Jazz coach Quin Snyder’s offense has always been about advantage basketball.
That’s the idea that each half-court possession is about manufacturing advantages through screens, cuts, passes, or whatever else. That advantage might start as a small one — a defender being a half-step late due to a screen, for example — but opens wider and wider as players attack, force help from a scrambling defense, and pass to a teammate with an even greater advantage. Eventually, the result is a wide-open shot or dunk.

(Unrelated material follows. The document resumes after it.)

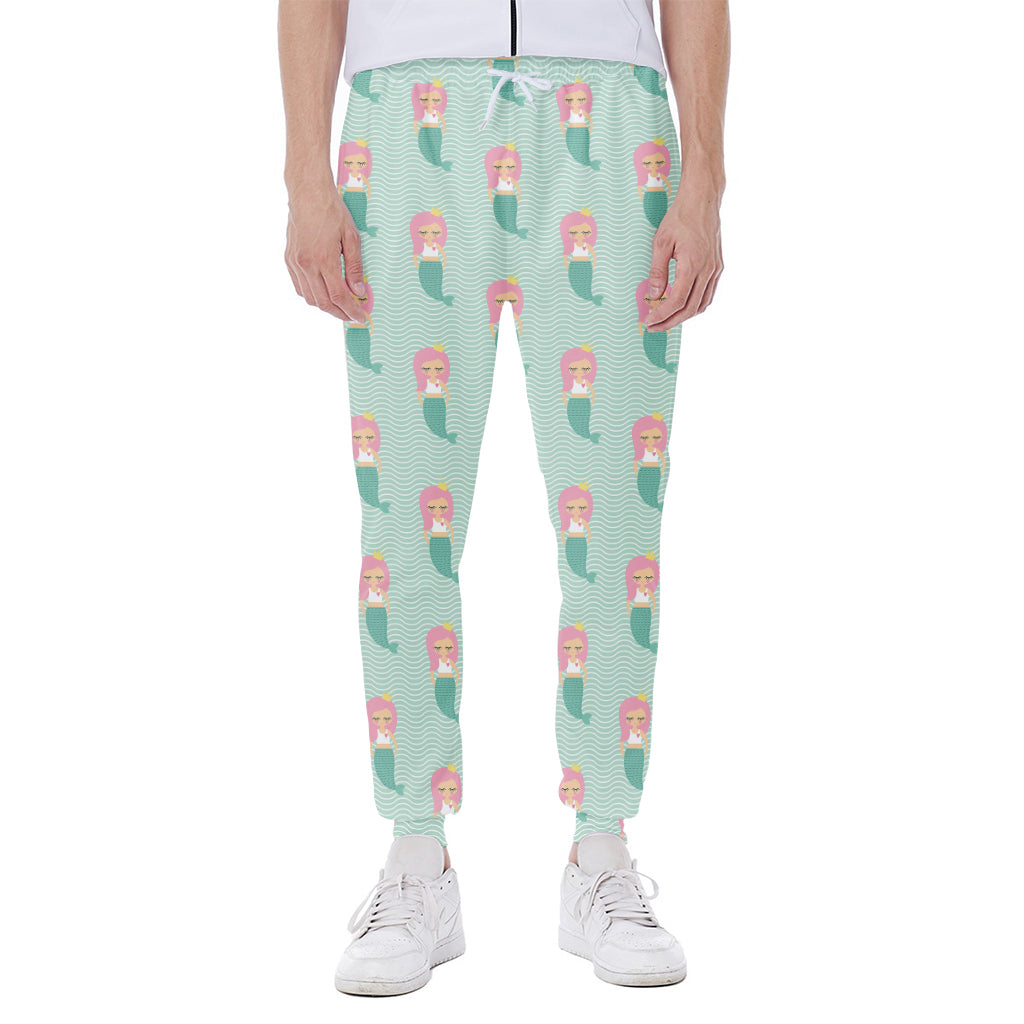 Cute Mermaid Pattern Print Scuba Joggers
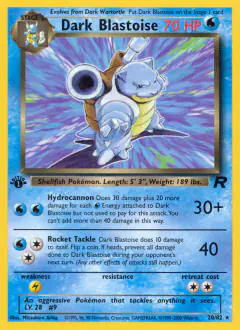 Dark Blastoise 20/82 Rare card from Team Rocket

But in years past, some of the Jazz’s offensive problems have been due to players who inherited an advantage but couldn’t do anything with it. Ricky Rubio and Jae Crowder were good players, but they had limitations: if they received the ball open on the perimeter, shooting it wasn’t always a very efficient play. Rubio could obviously run pick and roll, but if the defense forced him into a short mid-range shot, it was probably a win for them, and even a layup wasn’t a terrifying proposition given that he only made 58% of them. Crowder, meanwhile, couldn’t run pick and roll effectively — last year, the Jazz only scored 0.71 points per possession on those plays, good for 13th percentile in the league.
JAZZ AT BUCKS
When • Wednesday, 6 p.m.
TV • ATTSN
This year, that’s not the case. With Mike Conley and Bojan Bogdanovic at the helm, the Jazz’s best lineup of Conley, Donovan Mitchell, Joe Ingles, Bogdanovic and Rudy Gobert features four perimeter players who can shoot, pass, and dribble well, with one of the league’s elite screeners around to create those advantages.

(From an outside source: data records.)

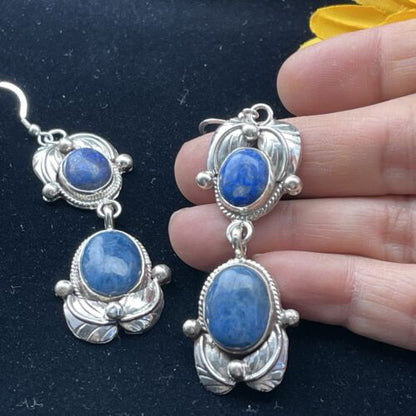 Southwestern Navajo Denim Lapis Dangle Earrings | Sterling Silver | 2" | 01796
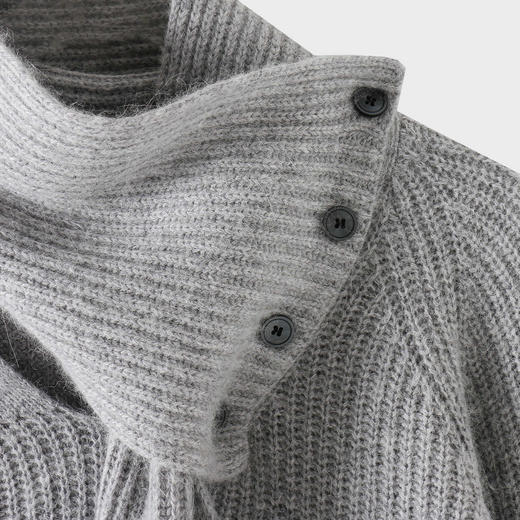 【合作款】ZHUHUE祝赫-时尚围巾V领宽松休闲毛衣针织衫-5DMZH301 商品图8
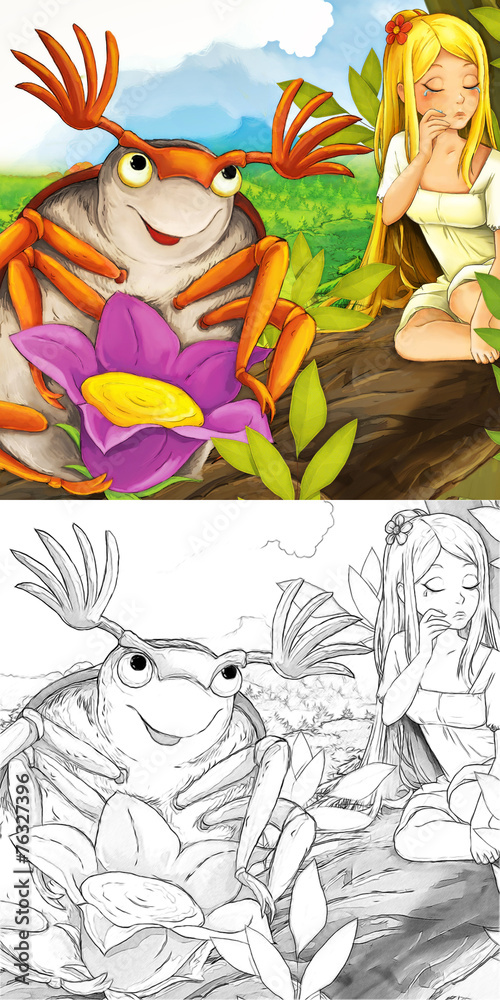 Naklejka premium Cartoon fairy tale scene - coloring illustration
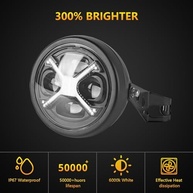 Farol de LED 14cm para Moto: Iluminação Potente e Estilo Único para Kawasaki, Suzuki e Mais! - imagem 4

“I think we’re going to have a plethora of weapons on the perimeter that can be able to stretch the defense and make them come up and guard us,” Georges Niang said. “[That] gives us a whole bunch of different reads that we could have, now we have guys that can really stretch the floor.”
That also means different players will be able to start possessions. Snyder’s made it clear that nearly anyone can get the ball and go in transition, even giving Jeff Green the option of initiating the offense as a “point guard.” As Snyder said at practice Monday, “We’re talking about variety and multiple playmakers.”
"Just the randomness of how you play puts pressure on the defense,” Snyder continued. “Having more options makes you harder to guard.”
The opposite of that was on display multiple times last year. Once, Spurs coach Gregg Popovich used a triangle-and-two zone defense, dedicating two guys to stop Mitchell and Ingles because he wasn’t afraid of any other ballhandler. In the playoffs, the Rockets’ strategy wasn’t quite as extreme, but it was clearly designed to stop those two players in particular.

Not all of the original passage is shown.